Résumons. Atteint par plusieurs scandales, l’inénarrable Boris Johnson démissionne le 7 juillet dernier. Une lutte s’engage au sein du Parti conservateur pour le remplacer. Les Tories ont le choix entre l’improbable Liz Truss, qui leur promet d’être la réincarnation de Margaret Thatcher, et Rishi Sunak, l’ancien ministre des Finances. (Le titre officiel est «Chancelier de l’échiquier» parce qu’au Moyen Âge on se servait là-bas d’une table en forme d’échiquier pour calculer les taxes et impôts. Cet attachement aux plus anciens usages et dénominations fait le charme des Anglais.) Liz Truss promit la lune, Sunak refusa de faire des promesses inconsidérées. Le parti choisit la lune… pardon, Truss.
Leçon 1. Entre la démagogie et le sérieux, toujours choisir la démagogie –si l’on veut ruiner son pays.
Au pouvoir, Liz Truss concocta un plan tellement stupide que le plus nul de mes étudiants, du temps que j’enseignais la macroéconomie, n’aurait eu aucun mal à en démontrer l’inanité. On baisse les impôts pour les plus riches et on augmente les dépenses publiques, ce qui creuse immédiatement un trou dans le budget de l’Etat.
Comment va-t-on combler ce trou? Truss ne le dit pas. Les marchés financiers en déduisirent que le pays allait s’endetter encore plus, ce qui allait dévaloriser sa monnaie. Plus personne ne voulut de la livre sterling, à l’étranger: très logiquement, son cours s’effondra. Pour tenter de la remettre à flot, la Banque d’Angleterre intervint massivement. Entre autres mesures, elle augmenta ses taux d’intérêt (pour rendre la livre attrayante) ce qui fit automatiquement grimper le coût des crédits accordés aux ménages, notamment les prêts hypothécaires. Désespoir des ménages qui ne pouvaient plus payer leurs traites, effondrement du marché de l’immobilier, chaos…
Leçon 2. Entre l’incompétence et le professionnalisme, toujours choisir l’incompétence –si l’on veut ruiner son pays.
Devant le désastre, Liz Truss renonça à son «plan» funeste. Pour sauver sa peau, elle congédia son chancelier de l’échiquier, Kwasi Kwarteng. C’est-à-dire qu’au lieu d’assumer son erreur, elle s’en défaussa sur Kwarteng alors que tout le monde savait qu’ils avaient concocté ensemble le programme de gouvernement. Ils étaient d’ailleurs les meilleurs amis du monde –gageons qu’ils ne le sont plus.
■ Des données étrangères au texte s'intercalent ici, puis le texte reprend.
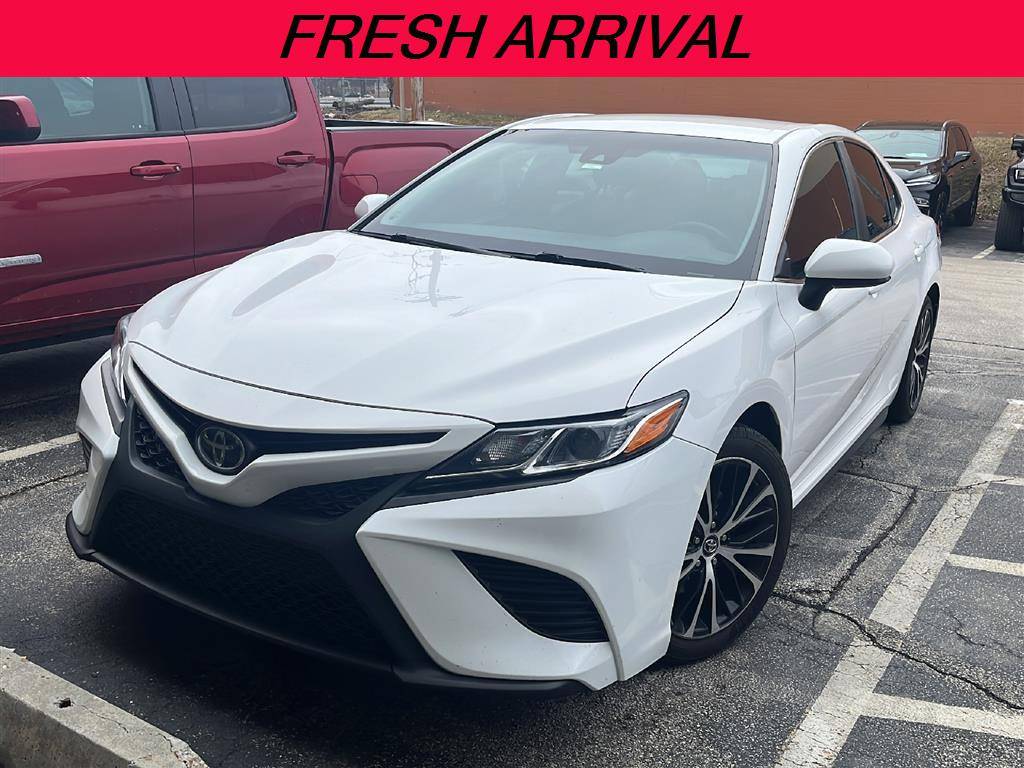 2018 Toyota Camry SE — Sedan — 74,756 mi — Kansas City, KS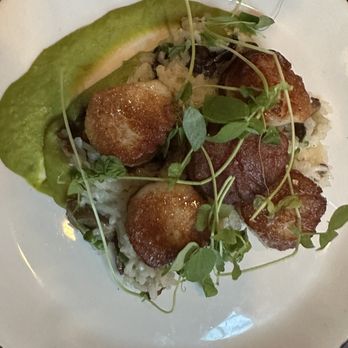 The Beaumont - Scallops - Steakhouses Near Me - Catonsville, Maryland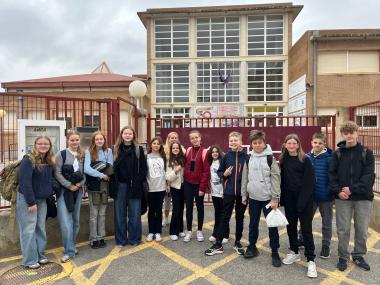 Danske og spanske elever står foran en skolebygning i Spanien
Leçon 3. Entre le sens des responsabilités et le c’est-pas-moi-c’est-lui, toujours choisir le c’est-pas-moi-c’est-lui –si l’on veut ruiner son pays.
Toute honte bue, les Conservateurs se sont débarrassés de Liz Truss et ont mis Sunak à sa place. Ils ont d’ailleurs failli reprendre Boris Johnson, ce qui aurait été une grosse farce puisqu’il fait encore l’objet de plusieurs enquêtes. Dommage. Les Tories nous ont privé d’une autre leçon, encore plus instructive.
Leçon 4. Entre un clown et un homme respectable, toujours choisir le clown –si l’on veut ruiner son pays.
NB: Toute ressemblance avec certains hommes politiques de notre beau pays serait purement fortuite.